→ **DESCRIPTION OF THE TASK**:
Everything in the records must be copied exactly except the pictures.

=== SOURCE DATA ===

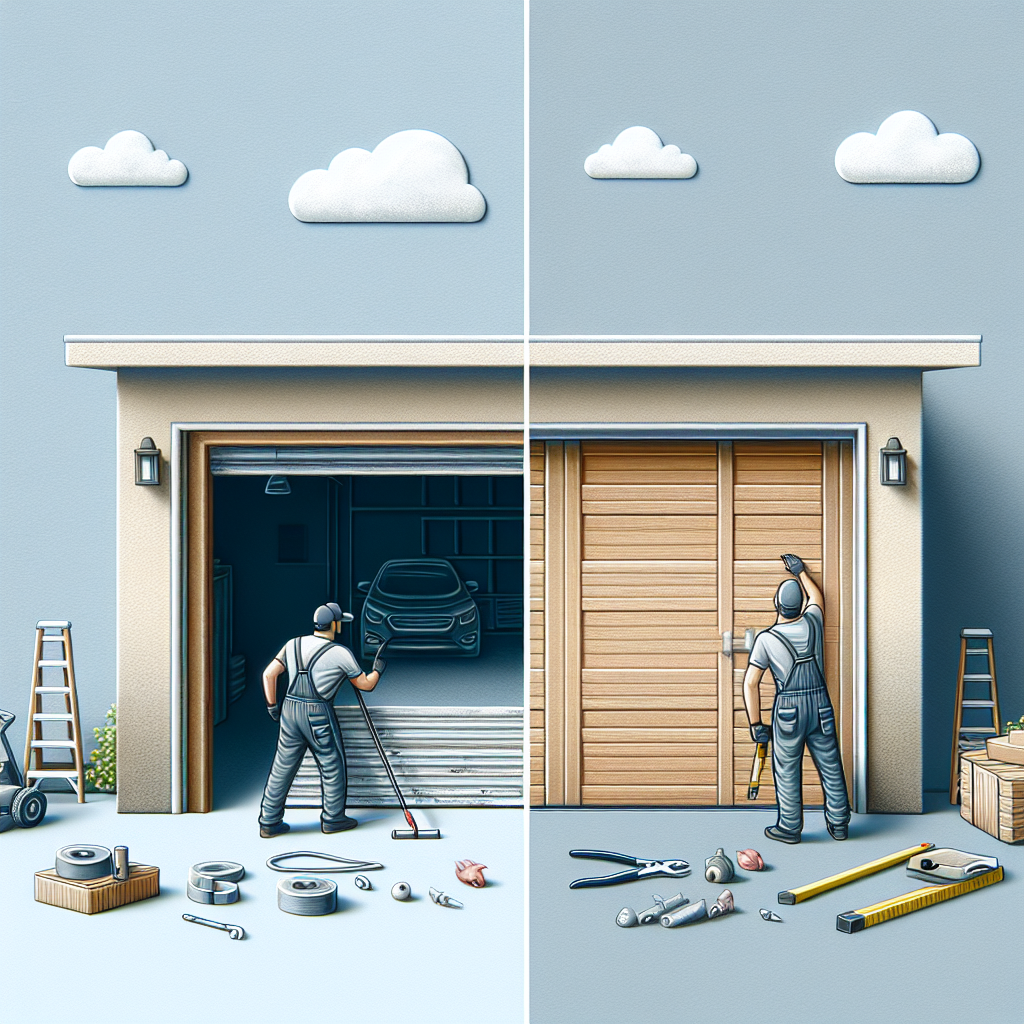 Garage Door Repair Vs Replacem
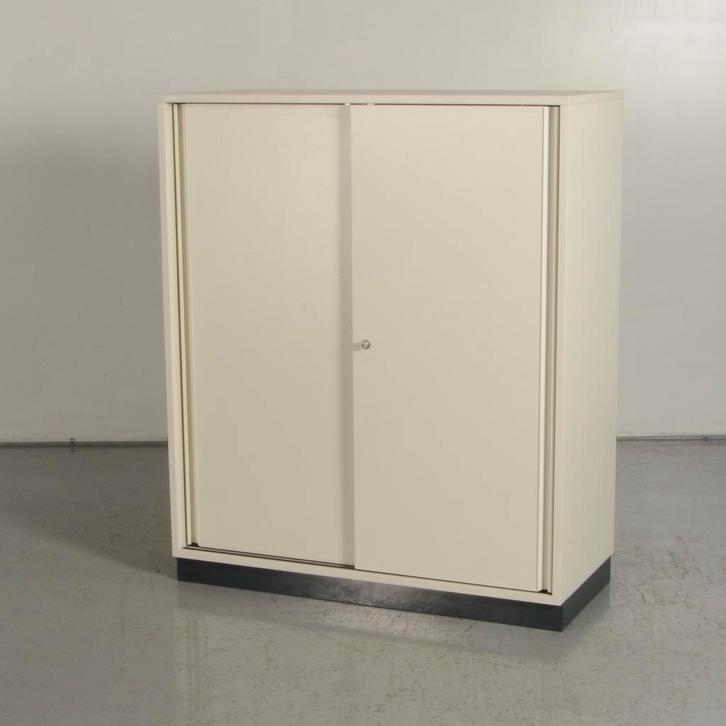 Schuifdeurkast Assmann - Wit - 120 x 100 cm - Incl. 4, Zakelijke goederen, Kantoor en Winkelinrichting | Kantoormeubilair en Inrichting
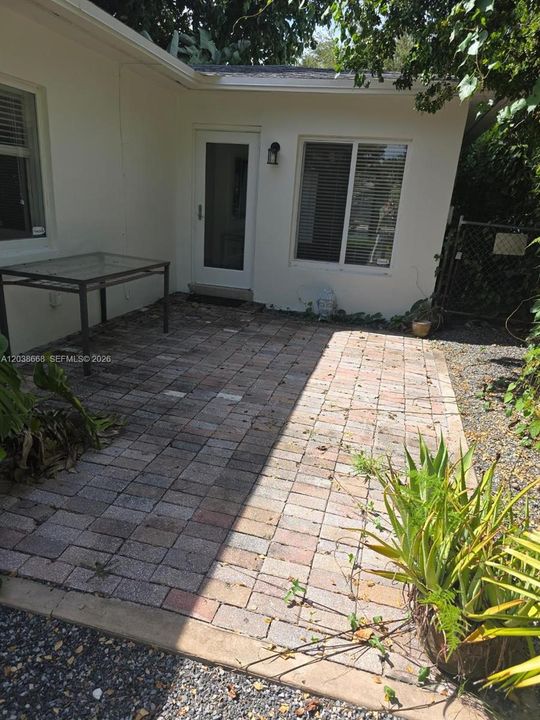 PAVED PATIO GREAT FOR BAR B Q AREA
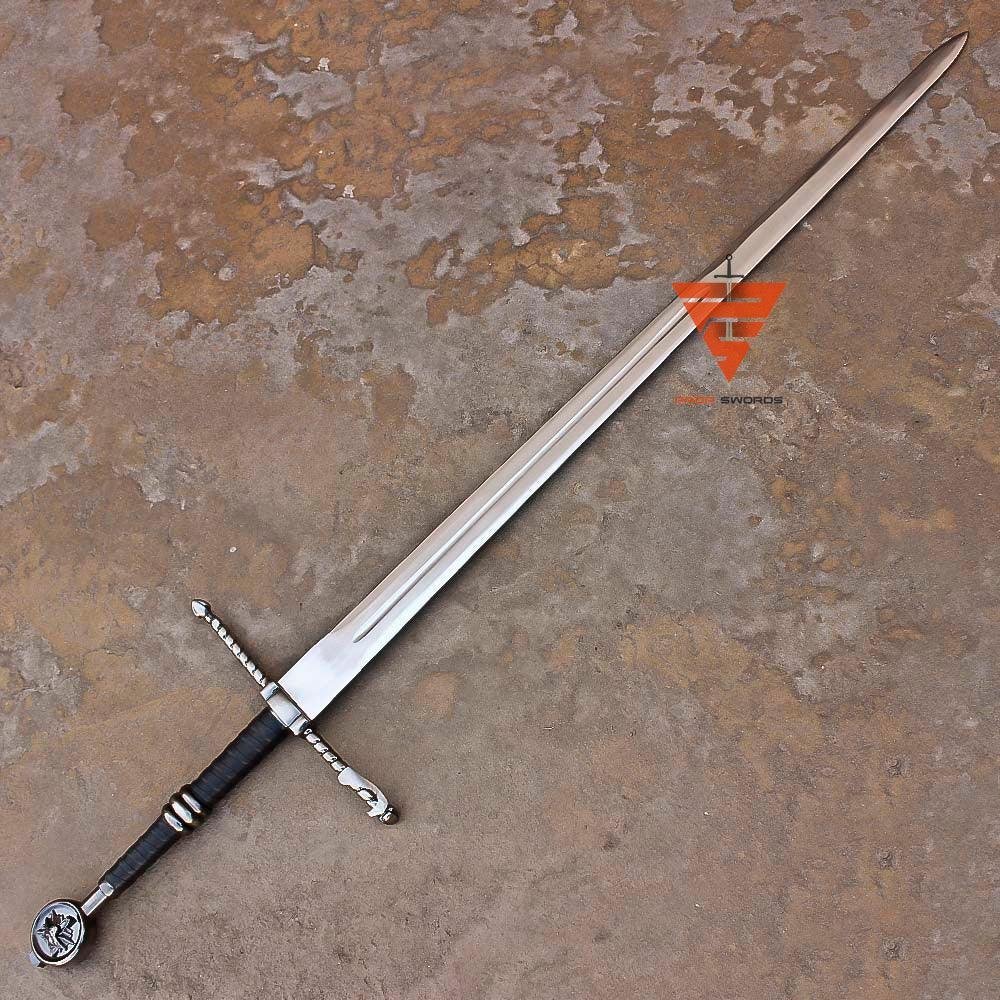 Master crafted Wolven Steel Sword Witcher Replica Sword - Image 5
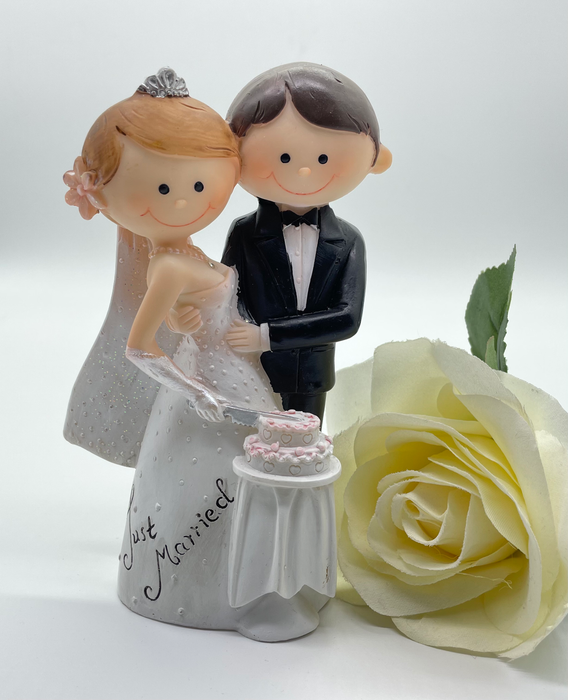 Large Bride & Groom Cake Topper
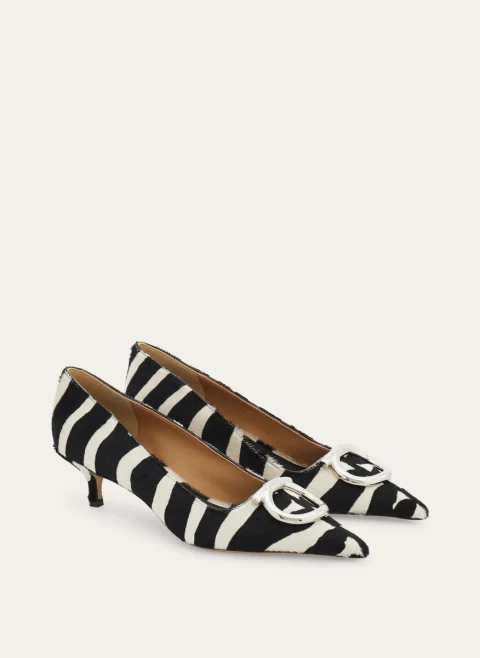 Обувки на ток 'Pony fur' Ferragamo — снимка 2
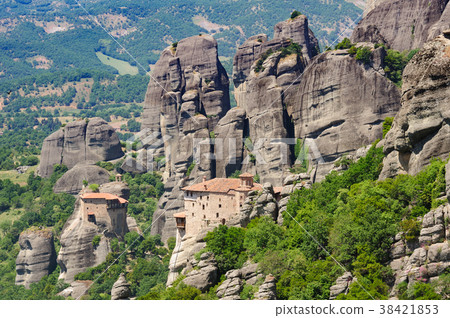 Mountain Monastery in Meteora, Greece 38421853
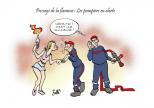 L'actualité corse vue par Battì : passage de la flamme, les pompiers en alerte 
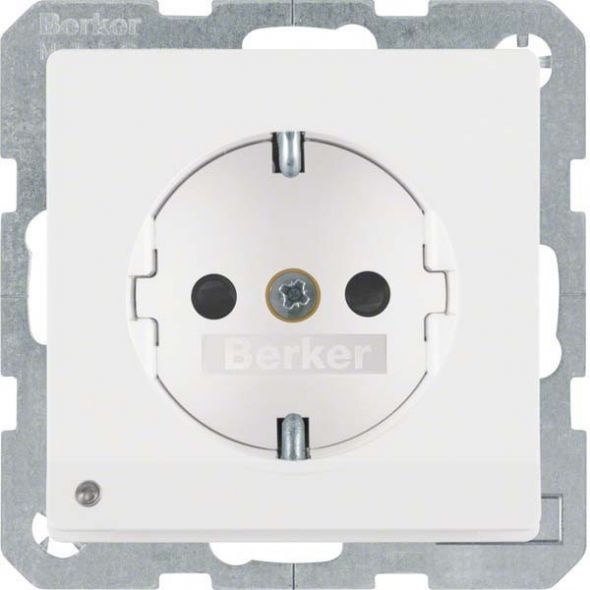 SCHUKO-Steckdose 41096089 polarweiß samt SCHUKO-Steckdose 41096089 polarweiß samt
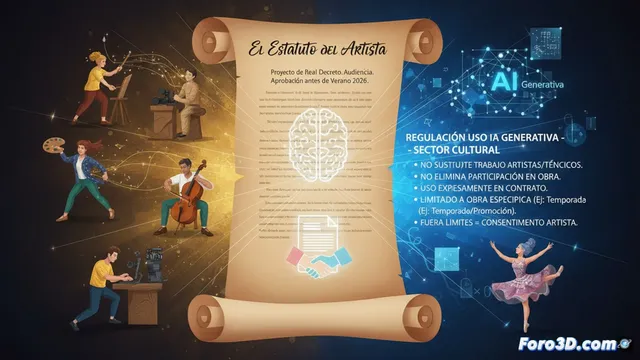 El estatuto del artista define normas para usar inteligencia artificial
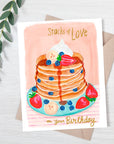 Stacks of Love | Greeting Card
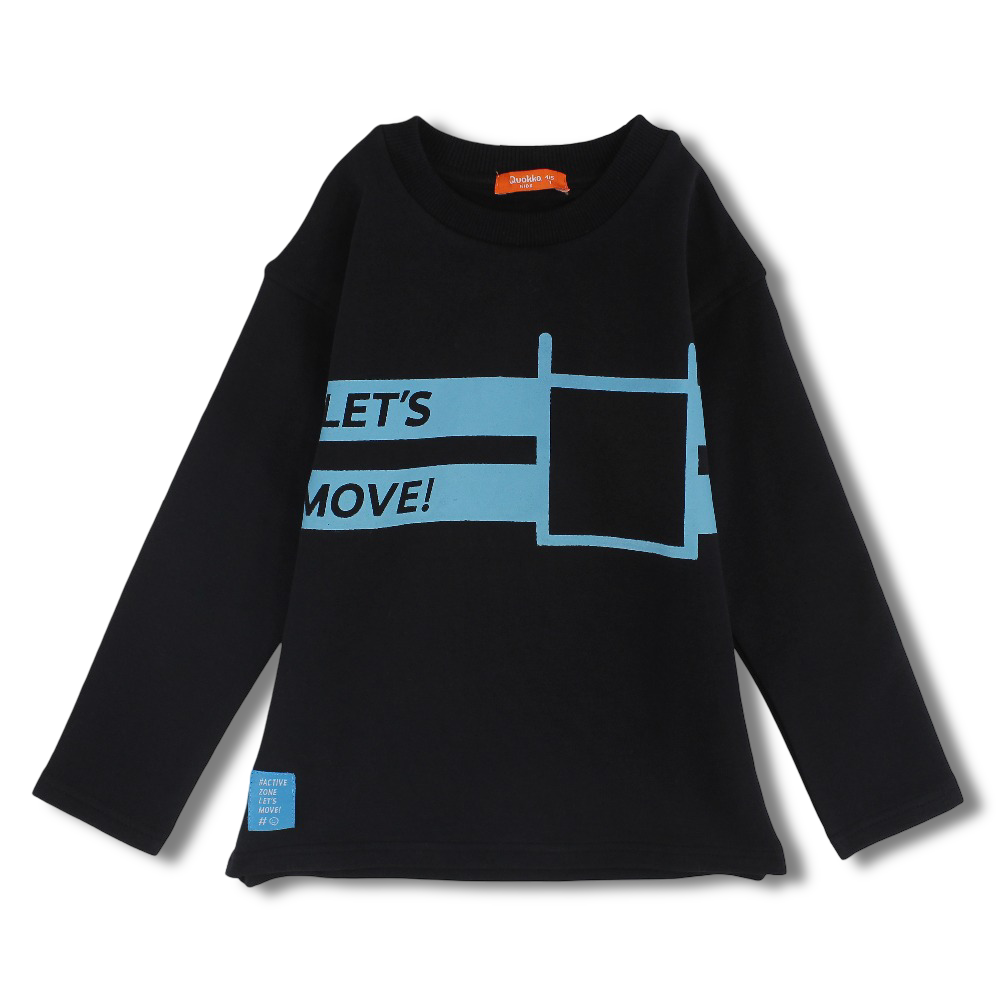 Boys Cotton Sweatshirt - "Let's Move!" Design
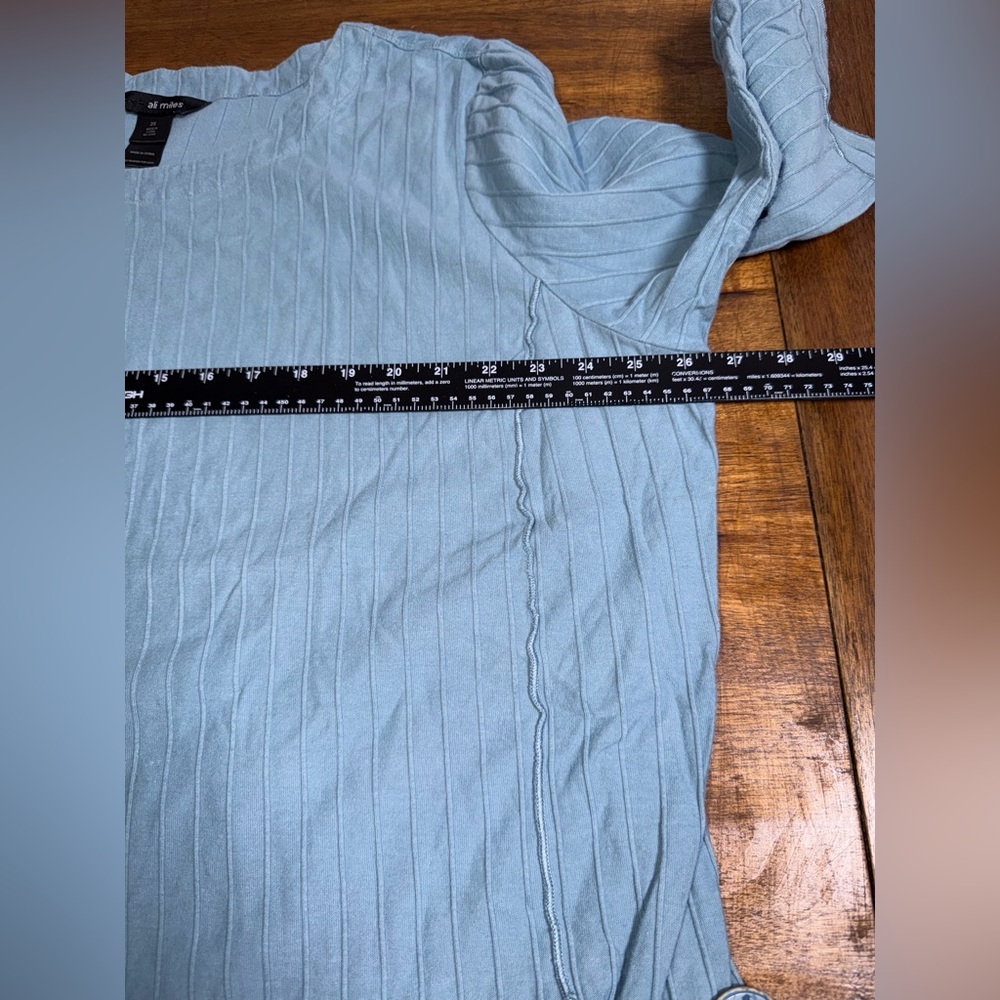 Ali Miles Patch Button Pockets Tunic Top - image 5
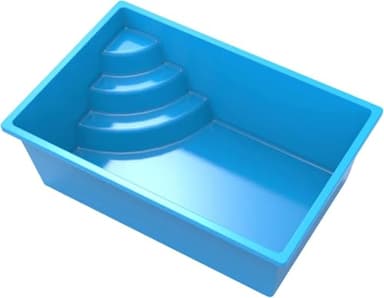 Ambikun Versatile Fiberglass Pools In Ground Pools - Excellence Prefab Pools with 10 Styles and Customization Options (9.84'×6.56'×3.28')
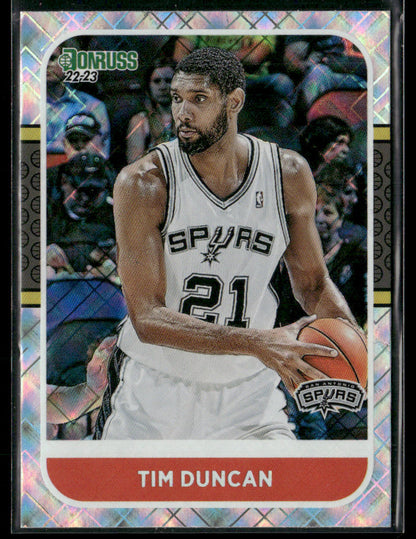 2022-23 Donruss Tim Duncan #16 Retro Series Diamond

===

→ **TASK ANSWER**:
 Garage Door Repair Vs Replacem
 Schuifdeurkast Assmann - Wit - 120 x 100 cm - Incl. 4, Zakelijke goederen, Kantoor en Winkelinrichting | Kantoormeubilair en Inrichting
 PAVED PATIO GREAT FOR BAR B Q AREA
 Master crafted Wolven Steel Sword Witcher Replica Sword - Image 5
 Large Bride & Groom Cake Topper
 Обувки на ток 'Pony fur' Ferragamo — снимка 2
 Mountain Monastery in Meteora, Greece 38421853
 L'actualité corse vue par Battì : passage de la flamme, les pompiers en alerte 
 SCHUKO-Steckdose 41096089 polarweiß samt SCHUKO-Steckdose 41096089 polarweiß samt
 El estatuto del artista define normas para usar inteligencia artificial
 Stacks of Love | Greeting Card
 Boys Cotton Sweatshirt - "Let's Move!" Design
 Ali Miles Patch Button Pockets Tunic Top - image 5
 Ambikun Versatile Fiberglass Pools In Ground Pools - Excellence Prefab Pools with 10 Styles and Customization Options (9.84'×6.56'×3.28')
 2022-23 Donruss Tim Duncan #16 Retro Series Diamond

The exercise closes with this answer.